Por supuesto, hay que llevar el cuerpo de Stalin a Moscú para que todos vengan a despedirse. Para tratar de neutralizar a Khrushchev, Beria confabula para que sea este quien planifica el sepelio y comienzan todas las intrigas para ver quién se queda con el “trono”. Esto incluye cerrar las carreteras e impedir el acceso a la ciudad por parte de Beria, para que el entierro sea un fracaso atribuido a Khrushchev. Pero Khrushchev ordena que los trenes corran y eso trae millares de plañideros al sepelio. En la marcha para entrar a donde yace el cuerpo, la gente se apiña: la NKVD dispara contra los marchantes y matan 1500 personas. Era parte del plan de Khrushchev para que la popularidad de Beria se fuese al fondo. Buscando puntos políticos, Beria ha levantado las objeciones estalinistas a los religiosos y permite que los sacerdotes de la iglesia ortodoxa rusa asistan al sepelio. Son cosas que se ha copiado de las reformas “liberales” que Khrushchev ha dicho que quiere implantar.
Durante todo este periodo de inestabilidad la NKVD va matando de forma grotesca (fuera de la pantalla) a los que aparecen en las listas de subversivos de Stalin, y lo hacen con el desparpajo que solo concede la dictadura y el totalitarismo. La violencia que se despliega es tan tremenda y arbitraria que entendemos que la exageración paródica es la única forma de trasmitirla sin que desesperemos ante los caprichos asesinos de un dictador. Por supuesto, los cargos y los juicios son chistes de mal gusto que están sustanciados por mentiras que están dispuestos a emitir los que le lamen las botas a los poderosos para su propio beneficio. Es por eso que, cuando nos reímos de estos excesos que en el filme están amplificados por el desdén a la vida y a los humanos simulado por los actores, entendemos por qué se decidió presentar estas atrocidades como farsa y parodia. Tenemos todos los días las acciones arbitrarias en contra del ambiente, de los de color, de la sexualidad, de la salud y de los pobres por un gobierno de exagerado capitalismo que mata indirectamente haciendo la gente más pobre y vulnerable y a no poder pagar por el cuido de su salud y su educación.
Los actores nos suavizan el horror que ha sido el gobierno en la dictadura comunista más grande de la historia y que hoy día se viste de oligarcas “comunistas” que esconden su dinero en Suiza y en Panamá. Las locuras físicas —parte integral de la sátira y la parodia— que usan los actores son las que se usan en occidente (a lo mejor, a escondidas, en Moscú o en el Palacio de Santa Catalina) para celebrar triunfos merecidos o el salirse con la suya.

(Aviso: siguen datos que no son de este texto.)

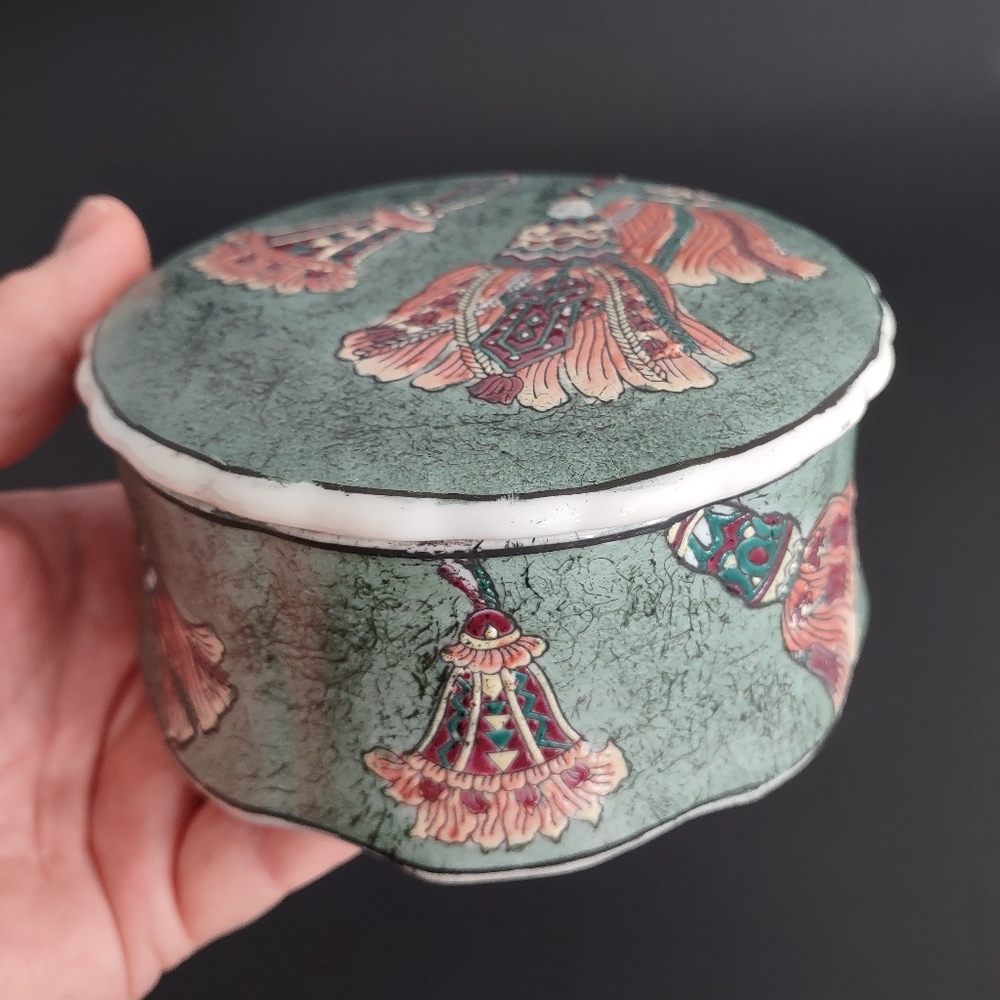 ‼️SOLD‼️ Vintage Oriental Collectible Porcelain Lidded Round Trinket Jewelry Box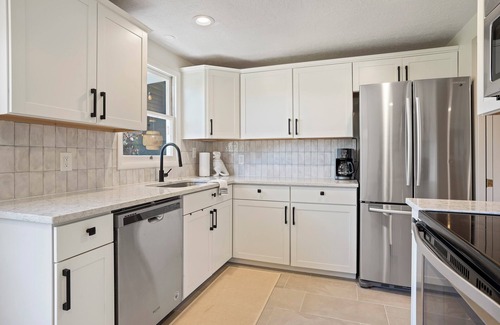 Logan Casa | Hot Tub ~ Media Room ~ Game Room ~ USU .4 miles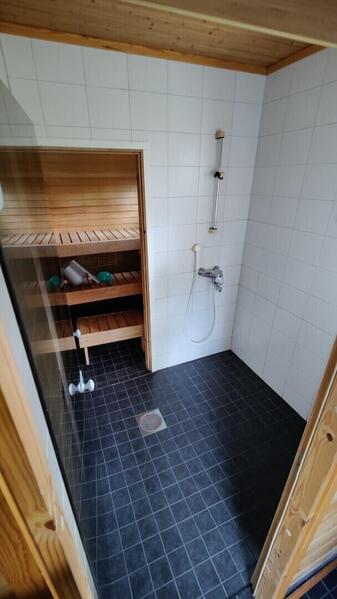 kolmen-makuuhuoneen-moekki-53273-11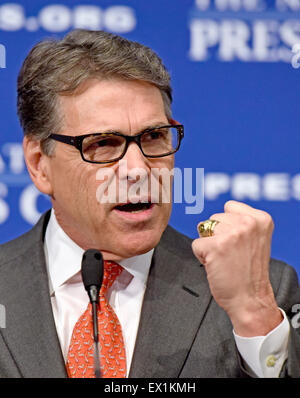 Ehemaliger Gouverneur Rick Perry (Republikaner aus Texas), ein Kandidat für die 2016 republikanische Partei Nominierung für das Präsidentenamt, spricht über "in der Kreislauf der Hoffnungslosigkeit und verpasste Gelegenheit, die viele Amerikaner fühlen sich gefangen" im National Press Club in Washington, DC auf Donnerstag, 2. Juli 2015. Bildnachweis: Ron Sachs/CNP - kein Draht-Dienst- Stockfoto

Además, en las lecturas que hacen de sus líneas nos muestran que detrás de toda esta arbitrariedad maléfica de las dictaduras hay una frivolidad asquerosa y repugnante.

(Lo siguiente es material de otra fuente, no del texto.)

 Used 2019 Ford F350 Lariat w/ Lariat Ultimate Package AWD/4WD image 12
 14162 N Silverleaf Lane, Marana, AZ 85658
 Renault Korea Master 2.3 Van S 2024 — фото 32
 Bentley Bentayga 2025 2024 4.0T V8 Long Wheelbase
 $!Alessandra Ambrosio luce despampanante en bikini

Sugiero que la vean y que, si no se acuerdan de los años de Stalin, repasen un poco. De todos modos se enterarán de que las dictaduras siempre hay que rechazarlas a como dé lugar, y que hay conatos de lo que ha de venir que hay que tomar en serio. Como lo que sucedió en Hato Rey, cerca del cine que exhibe este filme, el 1 de mayo.